[Start of Attachment]

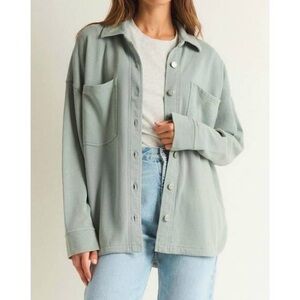 NEW Z SUPPLY all day knit jacket in worn jade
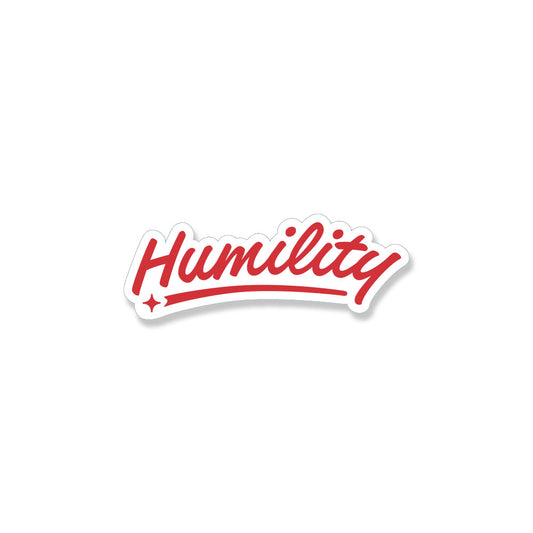 Small Decal -Humility  (Pack of 20)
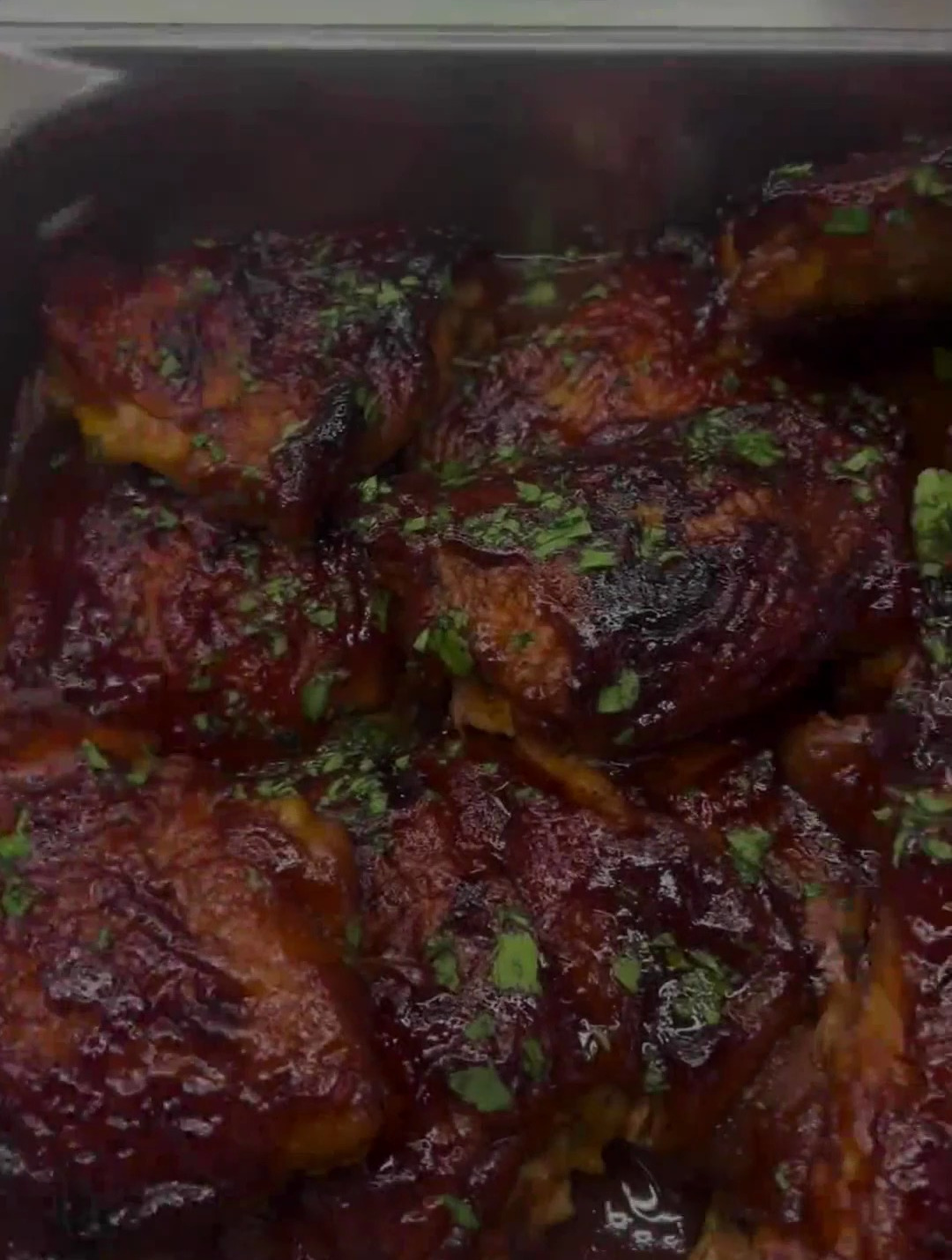 BBQ烤鸡好好吃!美国 大学食堂 留学 美食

[End of Attachment]

- [Your objective]
Leaving out every picture, extract verbatim the lines from the one containing "Small Decal -Humility" through the last line of the listing, inclusive.

- [Answer to this problem]
 Small Decal -Humility  (Pack of 20)
 BBQ烤鸡好好吃!美国 大学食堂 留学 美食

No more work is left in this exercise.